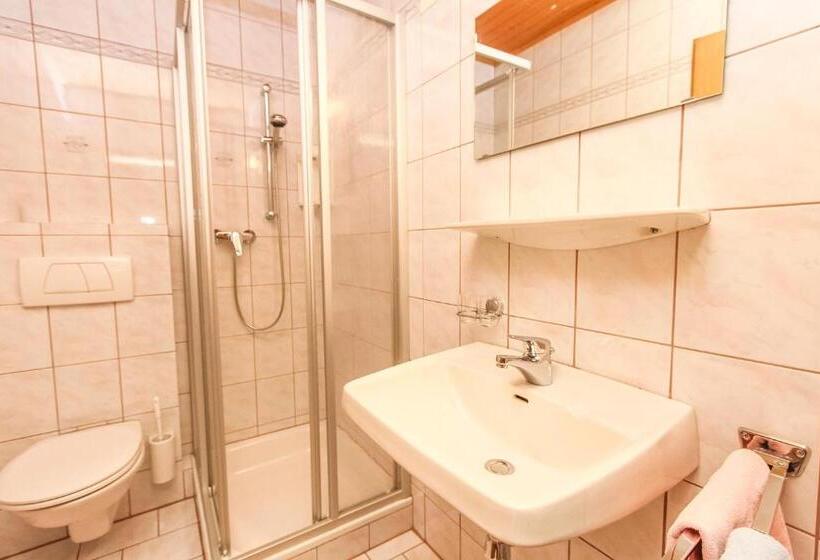 标准间带阳台, Schneiderbauer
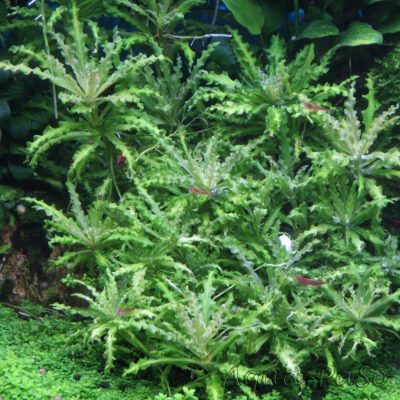 Pogostemon helferi, Daonoi, Downoi, Kleiner Wasserstern,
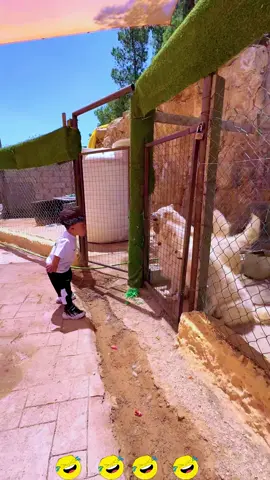 Best funny moments 😂😂😂 #funny #funnyvideos #prank #fyp #fails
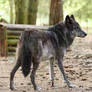 Wolf Pose 36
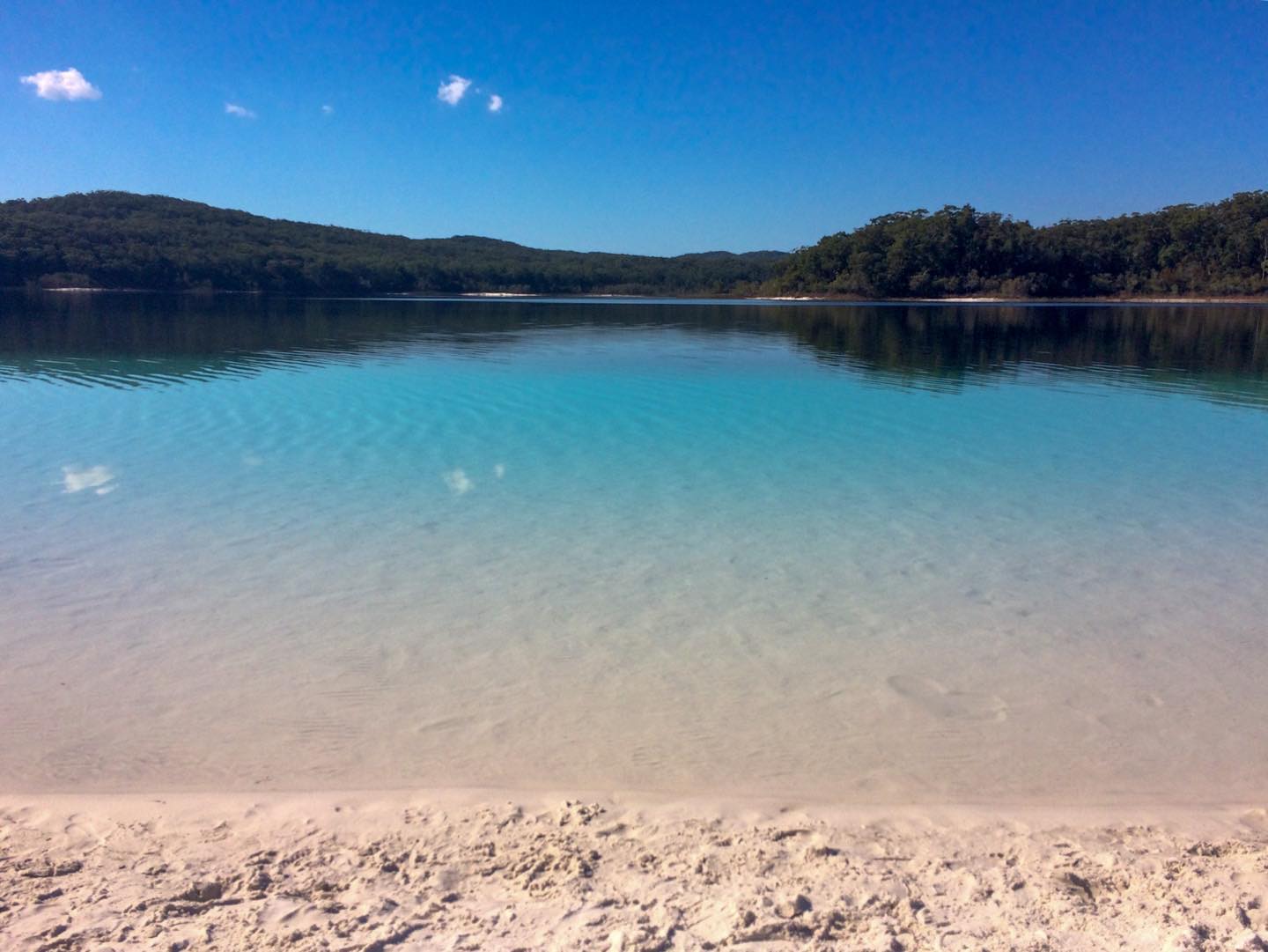 Fraser Island, Australia 🇦🇺.
.
I’ve had a lot of time recently to go through old photos and I’ve found so many from my time in Australia. I forgot how blue the water was at Lake Mackenzie on Fraser Island! But being the middle of winter it was also so cold!
.
#travel #australia #backpacking #fraserisland #traveller #queensland #backpacker #travelling #instatravel #explore #travelgram #australian #qld #kgari #lakemckenziefraserisland #fraserislandtour #traveltheworld #traveladdict #visitaustralia #lake #bluesky #roadtrip #lakemackenziefraserisland #lakemckenzie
^^^^^^^^^^^^^^^^
About this exercise: The answer should consist of every line above, exact and free of images.

Output for this task:
 标准间带阳台, Schneiderbauer
 Pogostemon helferi, Daonoi, Downoi, Kleiner Wasserstern,
 Best funny moments 😂😂😂 #funny #funnyvideos #prank #fyp #fails
 Wolf Pose 36
 Fraser Island, Australia 🇦🇺.
.
I’ve had a lot of time recently to go through old photos and I’ve found so many from my time in Australia. I forgot how blue the water was at Lake Mackenzie on Fraser Island! But being the middle of winter it was also so cold!
.
#travel #australia #backpacking #fraserisland #traveller #queensland #backpacker #travelling #instatravel #explore #travelgram #australian #qld #kgari #lakemckenziefraserisland #fraserislandtour #traveltheworld #traveladdict #visitaustralia #lake #bluesky #roadtrip #lakemackenziefraserisland #lakemckenzie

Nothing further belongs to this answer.